• Records provided:
#####

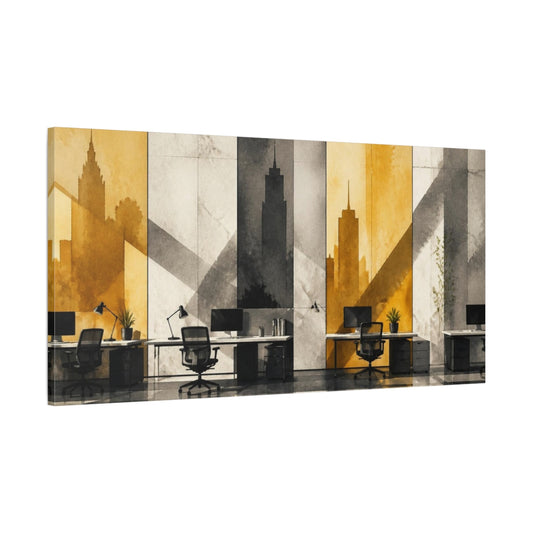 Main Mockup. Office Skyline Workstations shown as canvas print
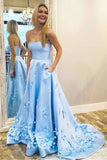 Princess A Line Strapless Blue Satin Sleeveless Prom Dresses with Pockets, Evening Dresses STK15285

#####

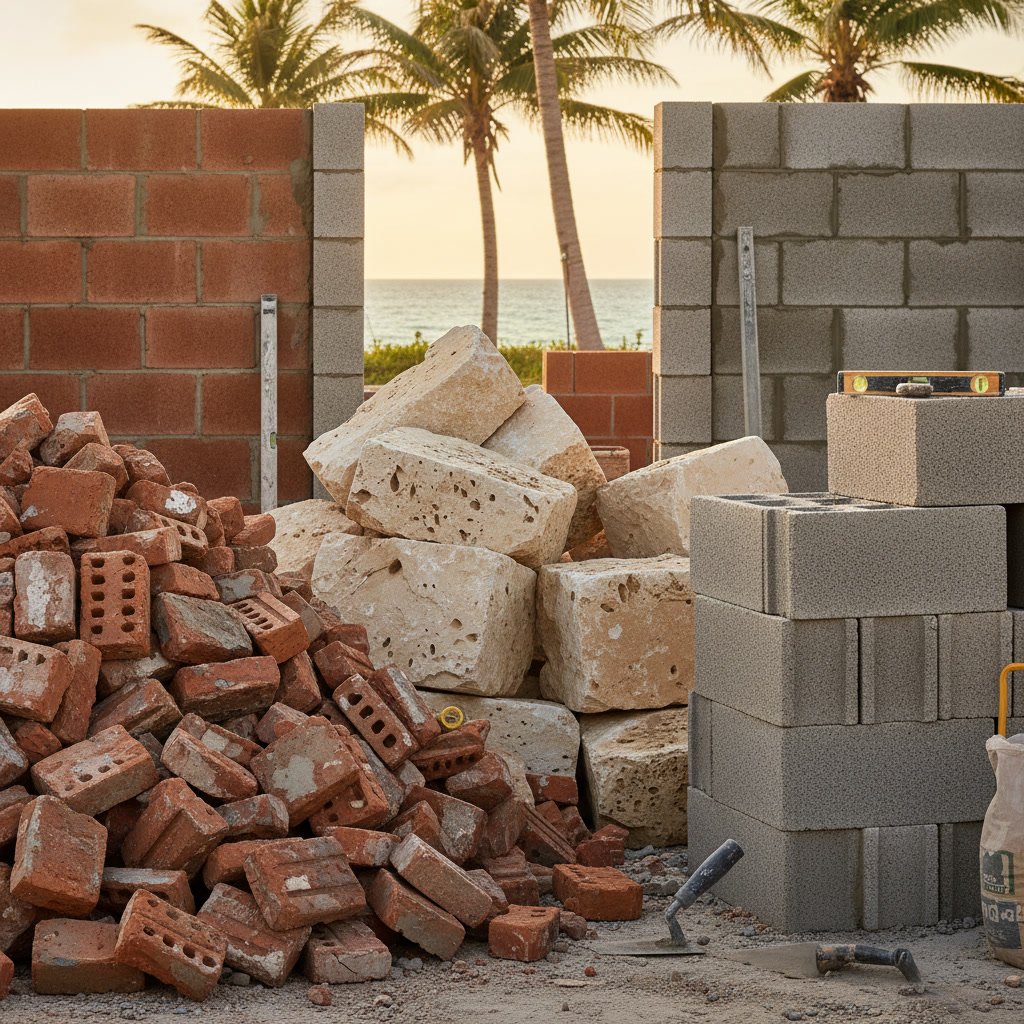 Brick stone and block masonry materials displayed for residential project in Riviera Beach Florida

#####

• Work to complete: Above are records with pictures. Reproduce exactly only the lines from the line with "Main Mockup. Office" through the line with "Princess A Line", both ends included, and leave the pictures out.

• Solution to the exercise:
 Main Mockup. Office Skyline Workstations shown as canvas print
 Princess A Line Strapless Blue Satin Sleeveless Prom Dresses with Pockets, Evening Dresses STK15285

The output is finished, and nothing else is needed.